Superior Court of Delaware
Oct 10, 2024
ID 2211005272 (Del. Super. Ct. Oct. 10, 2024)

Opinion

ID 2211005272 2207003702

10-10-2024

STATE OF DELAWARE, v. ALVIN WILLIAMS, Defendant.


Submitted October 31, 2023

ORDER DENYING POSTCONVICTION RELIEF

Honorable Kathleen M. Vavala, Judge

On October 31, 2023, the defendant moved this Court for postconviction relief from his May 30, 2023 conviction for Possession of a Firearm by a Person Prohibited. Defendant argues he is entitled to postconviction relief because his defense counsel was ineffective. After considering the matter, this Court finds Defendant's Motion lacks merit and must be DENIED.

See Docket Item ("D.I.") 7.

D.I. 12.

BACKGROUND

On November 12, 2022, New Castle County Police responded to a report of a person with a gun outside 2 Hawksbury Court in Newark, Delaware. The person was reported to be near a Toyota Prius and pointing the gun at another car. Police arrived to find Alvin Williams ("Defendant") exiting the Toyota Prius with his hands in the air-and begging officers not to shoot. Officers then observed Defendant throw an item directly in front of him, later identified as a silver Kimber handgun in a brown holster. Defendant advised the officers the firearm was registered to his girlfriend, with whom he had been involved in a domestic incident. At the time, Defendant was prohibited from having contact with the girlfriend by a Family Court No Contact Order. Defendant told the officers he had been drinking. Witnesses at the scene stated Defendant had been aiming the gun at another vehicle and its driver.

The State indicted Defendant on two counts of Aggravated Menacing, Possession of a Firearm During the Commission of a Felony ("PFDCF"), Possession of a Firearm by a Person Prohibited ("PFBPP"), Possession of a Firearm While Under the Influence, and Noncompliance with the Conditions of Bond.

D.I. 2.

At Final Case Review, held May 30, 2023, Defendant entered a guilty plea to a single charge of PFBPP. In exchange for the guilty plea, the State dismissed the remaining charges.

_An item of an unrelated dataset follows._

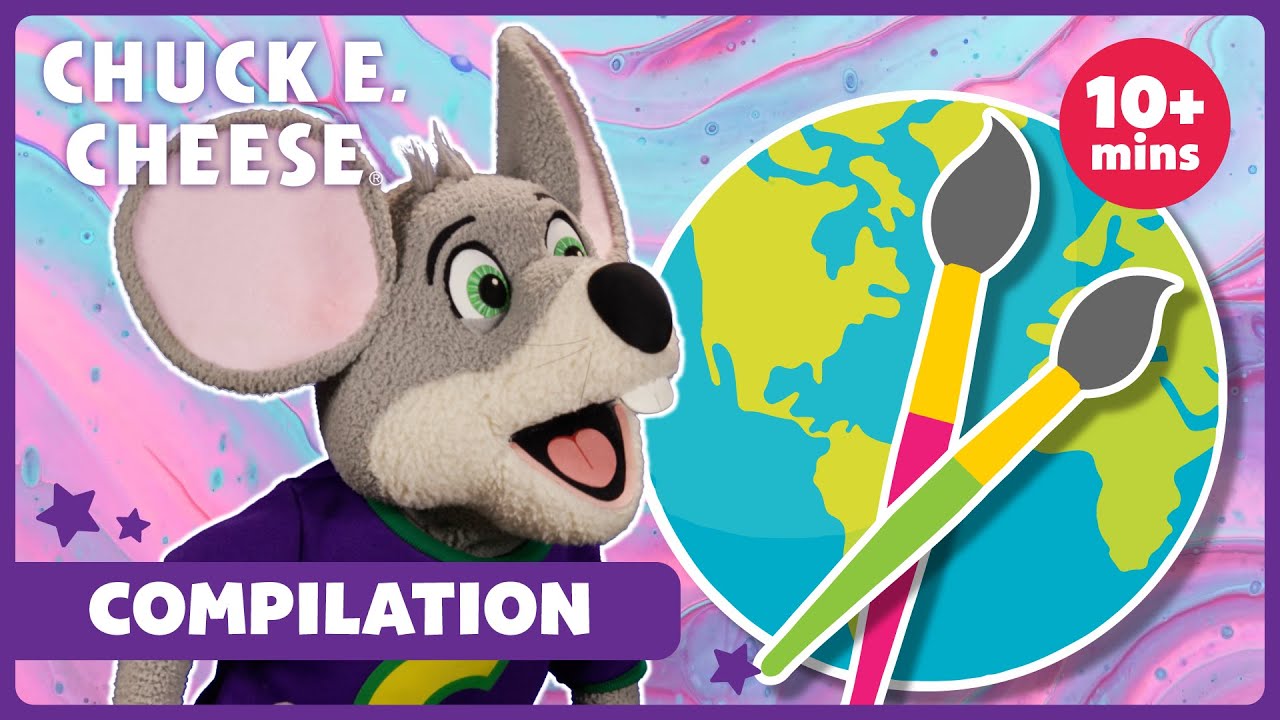Get Creative with Chuck E. Cheese | World Art Day Compilation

D.I. 7 (ID No. 23-01-0076).

Id.

Defendant was immediately sentenced to 15 years at Level V, suspended after a 3-year minimum mandatory sentence, for 12 months at Level III probation, with conditions, including that he forfeit the firearm and ammunition seized. Defendant did not take a direct appeal.

Id. See also D.I. 8 (June 7, 2023 ASOP Sentencing Order)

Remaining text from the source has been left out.